Gericht: Hessisches Landesarbeitsgericht
Beschluss verkündet am 19.07.2002
Aktenzeichen: 16 Sa 1816/01
Rechtsgebiete: ArbGG, ZPO, TVG, GKG


Vorschriften:

ArbGG § 61 Abs. 2
ZPO § 3
TVG § 1
GKG § 25
Verlangt die ZVK-Bau von Beklagten Auskünfte entsprechend den tarifvertraglichen Vorschriften des Baugewerbes und für den Fall der Nichterfüllung der Auskunftspflicht binnen bestimmter Frist Zahlung eines Entschädigungsbetrages in Höhe von 80 % der mutmaßlichen Sozialkassenbeiträge nach § 61 Abs. 2 ArbGG, so entspricht der Gebührenstreitwert regelmäßig dem Wert des Entschädigungsbetrages.
Hessisches Landesarbeitsgericht Beschluss

Aktenzeichen: 16 Sa 1816/01

19. Juli 2002

In dem Rechtsstreit

Tenor:

wird der Gebührenstreitwert (§§ 25 Abs. 2 GKG, 9 Abs. 1 BRAGO) für das Berufungsverfahren auf € 11.636,26 festgesetzt.

Gründe:

I.

Im Berufungsverfahren streiten die Parteien um Auskunftsverpflichtungen des Beklagten nach den Sozialkassentarifverträgen des Baugewerbes und die vom Kläger (ZVK-Bau) für den Fall der Nichterfüllung der Auskunftspflicht binnen bestimmter Zeit begehrte Entschädigungszahlung.

II.

Die Wertfestsetzung beruht auf § 3 ZPO. Danach ist es angemessen, ausreichend, aber auch erforderlich, den Gebührenstreitwert auf die Höhe der vom Kläger bedingt geforderten Entschädigungssumme (§ 61 Abs. 2 ArbGG festzusetzen.

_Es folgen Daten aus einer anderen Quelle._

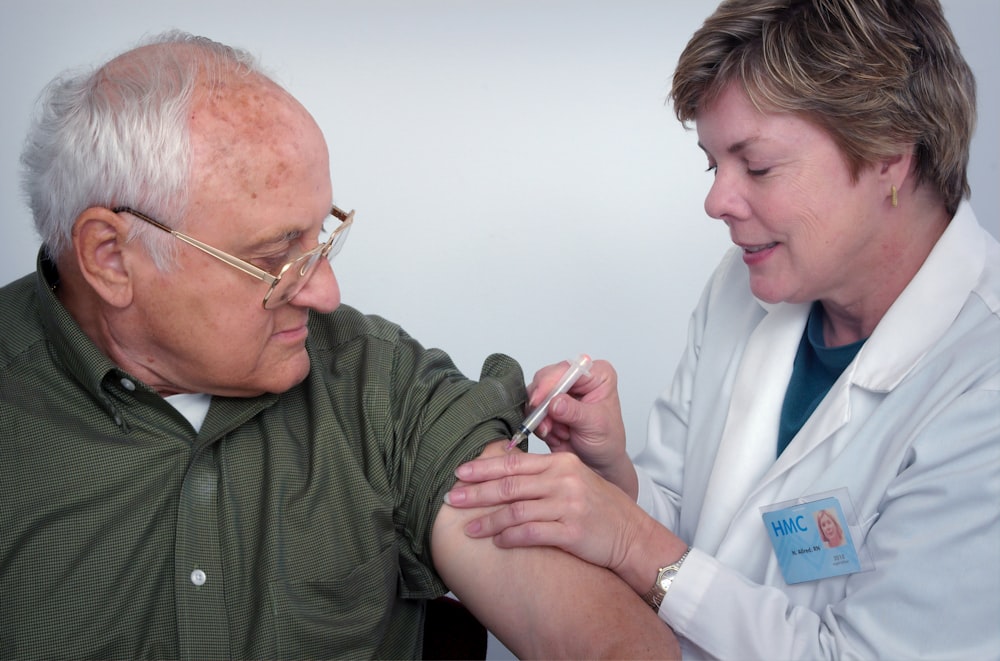 mujer inyectando jeringa en el brazo del hombre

Das ergibt sich aus folgendem:

Die Geschichte der Gebührenstreitwertfestsetzung bei Auskunftsklagen des Klägers (ZVK/Bau), die mit einem Antrag nach § 61 Abs. 2 ArbGG verbunden sind, ist eine wechselvolle.

Ursprünglich wurde der Streitwert in derartigen Rechtsstreitigkeiten sowohl vom ArbG Wiesbaden, wie vom LAG Frankfurt/M. im Urteil auf den Wert der Entschädigungssumme festgesetzt (kritisch BAG 10.09.1977 AP Nr. 24 zu § 1 TVG TVe: Bau). Mit Beschluss v. 09.03.1976 - 3 Ta 88/75 - gab die weiland zuständige Beschwerdekammer des LAG diese bisherige Rechtsprechung auf und kam zu der Erkenntnis, regelmäßig sei die Hälfte des Entschädigungsbetrages der für die Gebührenfestsetzung maßgebliche. Dieser Rspr. folgte das ArbG Wiesbaden nur teilweise, insbes. wurde von einigen Kammern weiter der im Urteil festzusetzende Streitwert (§ 61 Abs. 1 ArbGG) mit dem vollen Entschädigungsbetrag, teilweise mit 75% des Entschädigungsbetrages bemessen (vgl. z.B. ArbG Wiesbaden 07.04.1977 - 4 Ca 2411/76). Beginnend mit ihrem Beschluss v. 20.07.1984 - 6 Ta 176/84 betrat die damals für Wertfestsetzungsbeschwerden zuständig gewordene Kammer 6 des LAG neue Wege. Nunmehr wurde der Gebührenstreitwert auf die Beschwerde des Gegners der ZVK/Bau auf die Höhe der Beitragsforderung festgesetzt, soweit diese nachträglich bekannt wurde und niedriger lag als die Entschädigungssumme. Nach Wechsel des Vorsitzes der 6. Kammer geriet diese Rspr. augenscheinlich in Vergessenheit, die Rspr. der 3. Kammer war ohnehin nur noch Historie. Erneut sollte der Gebührenstreitwert der Höhe der Entschädigungssumme entsprechen. Mit Beschluss v. 17.05.1999 - 15/6 Ta 383/98 - kam die nunmehr für Beschwerden bei Gegenstandswertfestsetzungen gem. §§ 9,10 BRAGO zuständige Kammer 15 mit allerdings abweichender Begründung zu dem Ergebnis, welches die Kammer 3 bereits 1976 gefunden hatte: der Entschädigungsbetrag sei mit 50 % des Nennbetrages zu bewerten und als gegenüber dem Auskunftsstreitwert höherer Betrag der für die Streitwertfestsetzung maßgebende.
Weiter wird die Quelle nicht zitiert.